Dans les années 80, le ministère des Postes, Télégraphes et Téléphones (PTT) avait commandé une vaste campagne de publicité dont le slogan est resté fameux : « le bonheur, c’est simple comme un coup de fil ». Les petites saynètes un brin naïves comme il seyait alors aux promotions officielles n’ont guère marqué leur époque, mais on n’a pas oublié la formule parce qu’on a toujours envie de croire à un monde meilleur. Le coup de fil qui fait l’actualité ces jours-ci, c’est celui échangé entre Emmanuel Macron et Vladimir Poutine au sujet de la centrale nucléaire de Zaporijjia et des risques de provoquer, accidentellement ou non, une explosion nucléaire de grande ampleur.

Cela faisait depuis le 28 mai dernier que les deux dirigeants ne s’étaient pas parlé officiellement, après que le président français a semblé prendre conscience que son interlocuteur le roulait régulièrement dans la farine et que ses initiatives ne servaient strictement à rien, sinon à discréditer la France, alors que c’est le président turc Erdogan qui tenait le rôle d’intermédiaire que souhaitait exercer Macron dans des négociations entre parties. Il m’a fallu mener l’enquête pour savoir qui avait pris l’initiative de ce coup de téléphone. Apparemment, c’est le président français, mais c’est le Kremlin qui l’a annoncé, comme si l’Élysée préférait garder le silence sur ce point. C’est le même flou artistique concernant la principale mesure envisagée à la suite de cet échange. Moscou évoque un accord sur l’envoi d’une mission de l’Agence internationale de l’énergie atomique (AIEA) pour évaluer la situation sur place dans les plus brefs délais. En lisant entre les lignes, on peut comprendre que la proposition émane de Poutine et que Macron l’a soutenue, sous réserve de modalités acceptables par les Ukrainiens et les Nations Unies.
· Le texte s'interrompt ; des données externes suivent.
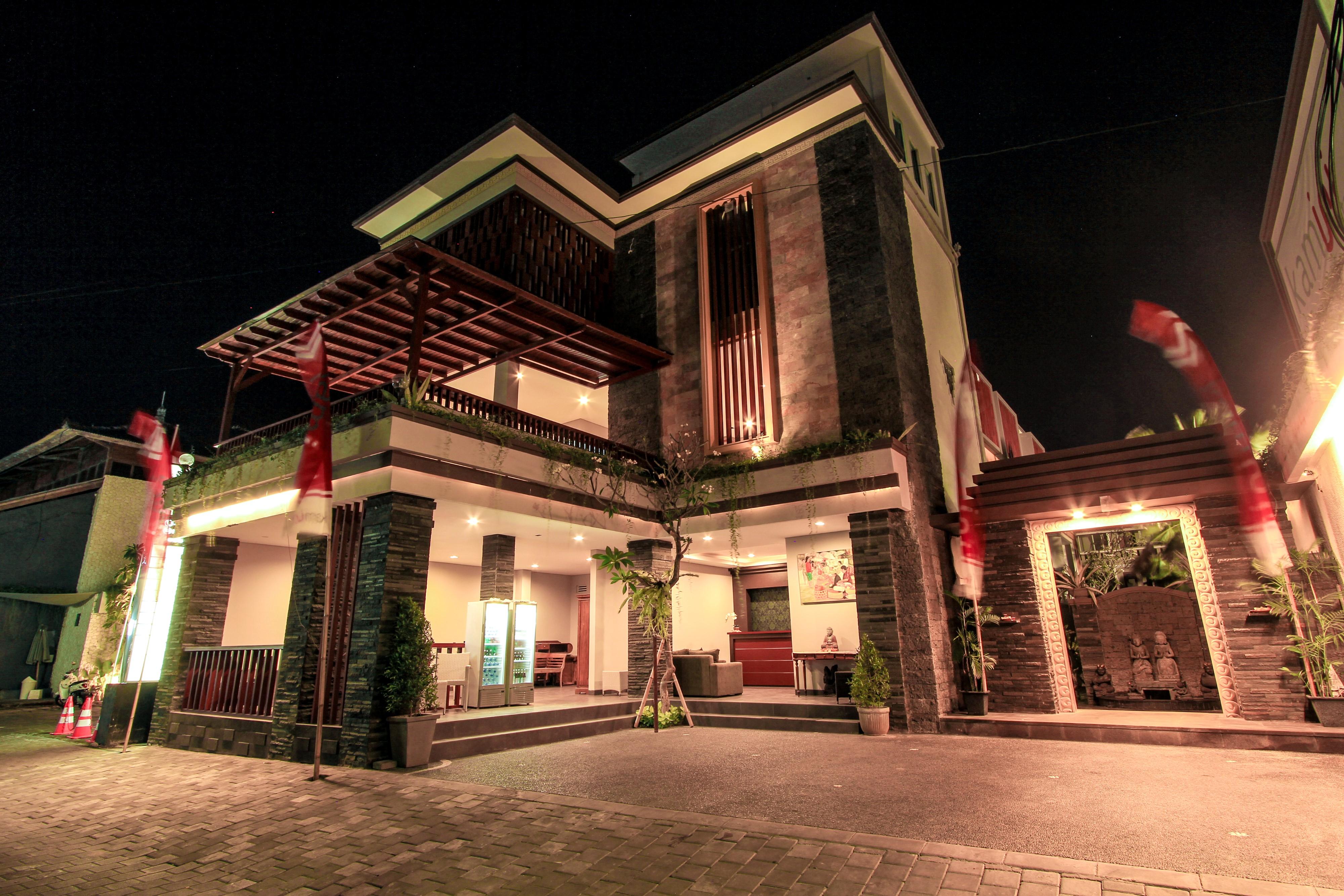 Transera Kamini Legian Hotel Luaran gambar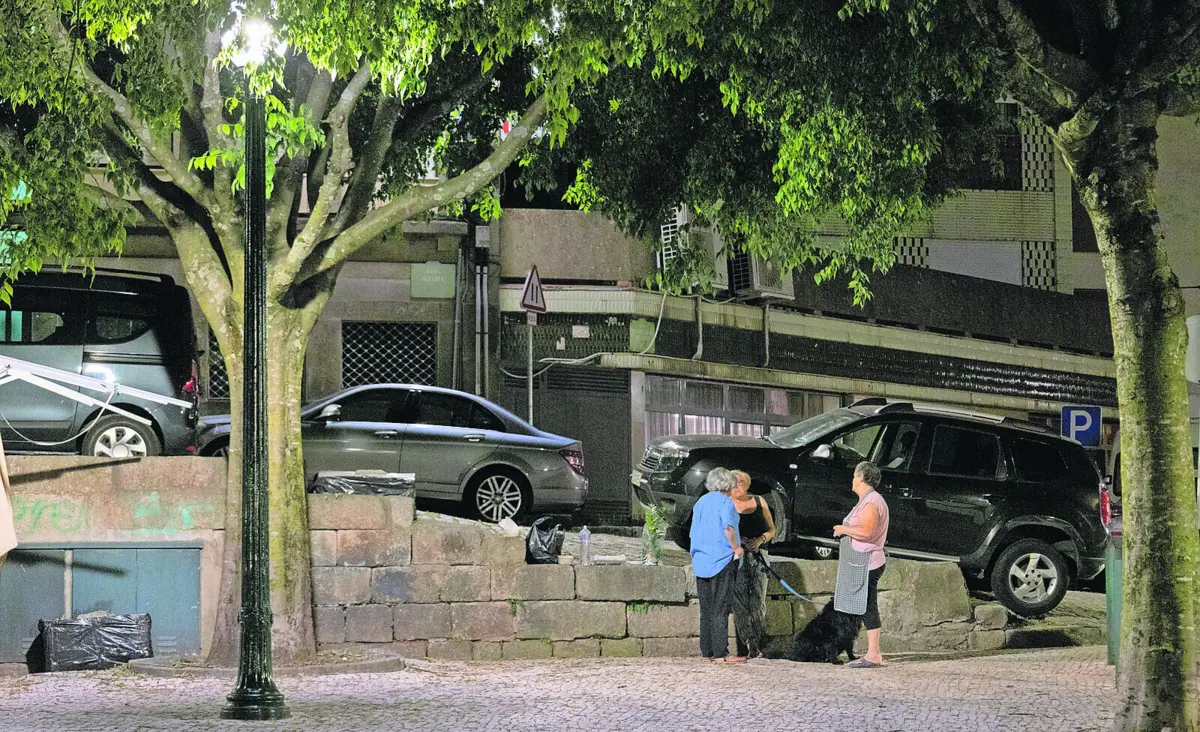 Praça da Alegria, nas Fontainhas, já é iluminada por tecnologia LED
Or, on sait que Poutine ne fait jamais de cadeau. S’il propose une inspection de la centrale, c’est qu’il y voit un avantage. Tout d’abord, le site nucléaire est actuellement contrôlé par l’occupant russe, qui ne montrera que ce qu’il estime utile. Il pourra toujours invoquer le secret défense pour cacher l’arsenal militaire qui s’y trouve. Les inspecteurs de l’AIEA sont habitués depuis l’Iran à devoir détourner le regard dans certaines circonstances. En revanche, Vladimir Poutine pourra passer pour un pacifiste, incompris d’un peuple incapable de reconnaître ses vrais amis, manipulé par des dirigeants faisant « traîner la guerre » au lieu de se soumettre docilement au grand frère russe, comme au bon vieux temps de l’Union soviétique. Cependant, ce semblant de négociations, faisant suite à l’accord sur les exportations de céréales, semble indiquer que Poutine a besoin de détourner l’attention de la situation militaire et des revers subis en Crimée récemment. Il sait pouvoir compter sur l’orgueil d’Emmanuel Macron, trop content de parader auprès des vrais puissants pour s’interroger sur le rôle « d’idiot utile » que semble lui proposer le président russe.